Appeals Court Says Discriminatory Comments Irrelevant to Firing of Wal-Mart Associate

Exclamation PointIt’s rare today to have “direct evidence” of age discrimination – or evidence that on its face raises a legal inference of guilt. Most supervisors and managers have learned to refrain from making discriminatory comments in public.

So when direct evidence of discrimination does exist, you’d think the court would take it seriously. Don’t count on it.

A three-judge panel of the U.S. Court of Appeals for the 6th Circuit in Ohio recently dismissed the case of Reva Richardson, a 50-year-old sales associate at a Wal-Mart store in Lansing, Michigan, who was fired after a supervisor allegedly told her son, who also worked at the store, “[We] need to get rid of Reva. She’s too old to work here anymore.”

The  12-year veteran Wal-Mart employee was fired after she fell and broke her wrist while stacking merchandise at the store. The reason given for Richardson’s termination was “demonstrated unsafe work practices which resulted in an accident.”

The appeals court earlier this month upheld the dismissal of Richardson’s case without a trial, essentially finding that no reasonable person could conclude that Richardson was a victim of age discrimination.

The court observed that the supervisor who made the inflammatory remarks, Adam Eschtruth, was transferred to another Wal-Mart store four months before Richardson’s dismissal and Riichardson failed to produce evidence that Eschtruth had any input in the decision to terminate her employment. The Court found that Eschtruth “was not involved in the firing decision” and “his statements do not qualify as direct evidence of age discrimination.”

Of course there was other evidence, including the questionable reason cited for Richardson’s dismissal.
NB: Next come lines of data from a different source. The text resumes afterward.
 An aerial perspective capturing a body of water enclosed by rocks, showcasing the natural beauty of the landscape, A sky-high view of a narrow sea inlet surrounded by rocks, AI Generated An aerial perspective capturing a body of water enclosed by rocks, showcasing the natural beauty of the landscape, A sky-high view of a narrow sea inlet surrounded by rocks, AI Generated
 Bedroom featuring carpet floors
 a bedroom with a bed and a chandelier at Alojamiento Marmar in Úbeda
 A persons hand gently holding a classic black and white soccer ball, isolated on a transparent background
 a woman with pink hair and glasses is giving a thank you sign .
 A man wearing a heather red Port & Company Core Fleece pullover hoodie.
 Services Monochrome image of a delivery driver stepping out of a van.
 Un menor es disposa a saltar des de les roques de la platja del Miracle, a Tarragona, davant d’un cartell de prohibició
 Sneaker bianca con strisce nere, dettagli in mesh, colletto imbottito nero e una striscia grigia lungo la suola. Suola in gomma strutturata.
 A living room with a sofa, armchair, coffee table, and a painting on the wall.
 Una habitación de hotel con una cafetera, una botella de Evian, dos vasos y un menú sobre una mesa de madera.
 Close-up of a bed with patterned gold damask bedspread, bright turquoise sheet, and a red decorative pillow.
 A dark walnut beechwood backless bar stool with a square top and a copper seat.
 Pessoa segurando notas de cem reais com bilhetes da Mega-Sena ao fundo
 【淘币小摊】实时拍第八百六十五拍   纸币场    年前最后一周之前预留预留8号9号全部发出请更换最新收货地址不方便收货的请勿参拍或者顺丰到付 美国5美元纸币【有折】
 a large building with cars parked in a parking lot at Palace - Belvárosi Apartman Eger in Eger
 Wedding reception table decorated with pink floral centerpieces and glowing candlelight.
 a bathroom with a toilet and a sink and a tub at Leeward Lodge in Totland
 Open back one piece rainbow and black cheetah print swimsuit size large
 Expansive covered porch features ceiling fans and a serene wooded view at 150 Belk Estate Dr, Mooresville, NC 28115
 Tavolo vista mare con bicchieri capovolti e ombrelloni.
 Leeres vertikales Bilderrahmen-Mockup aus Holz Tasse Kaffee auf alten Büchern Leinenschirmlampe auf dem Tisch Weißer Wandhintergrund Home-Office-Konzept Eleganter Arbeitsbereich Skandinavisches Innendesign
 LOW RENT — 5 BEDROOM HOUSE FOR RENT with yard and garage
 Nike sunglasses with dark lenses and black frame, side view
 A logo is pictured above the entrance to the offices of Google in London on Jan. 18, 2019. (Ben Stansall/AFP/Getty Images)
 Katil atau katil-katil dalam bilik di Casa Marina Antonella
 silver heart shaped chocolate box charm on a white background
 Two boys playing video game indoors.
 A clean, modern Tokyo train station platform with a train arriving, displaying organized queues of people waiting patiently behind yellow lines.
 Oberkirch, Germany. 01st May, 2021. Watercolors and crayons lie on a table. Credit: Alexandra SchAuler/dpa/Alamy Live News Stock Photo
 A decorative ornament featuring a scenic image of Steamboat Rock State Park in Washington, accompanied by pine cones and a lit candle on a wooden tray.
Store manager Mark Darby fired Richardson after he and two other store managers reviewed a surveillance video of Richardson’s fall. They concluded that Richardson created a safety hazard due to improper placement of equipment. Furthermore, they faulted her for failing to look behind when she walked backward and tripped on a piece of equipment.

Richardson argued that Wal-Mart management began mistreating her in 2012 because of her age. Among other things, she said Darby “humiliated” and “taunted and shamed her” by screaming at her in front of a vendor. Moreover, she said Darby and Eschtruth treated two younger associates more favorably than her.

She also said Eschtruth asked her several times during her evaluation  when she was going to “quit” or “leave”  Wal-Mart, to which Richardson responded, “When I can no longer walk.”

According to the appeals court, Richardson’s evaluations were generally positive. However, she received three “written coachings” over a period of 12 years. These involved an alleged attempt to influence the exchange of her daughter’s computer, failure to properly package a hazardous-material item and four unscheduled absences (due to illness) within six months.

The case is Richardson v. Walmart Stores, Inc.,  6th Cir., No. 15-1142,  (Sept. 9, 2016).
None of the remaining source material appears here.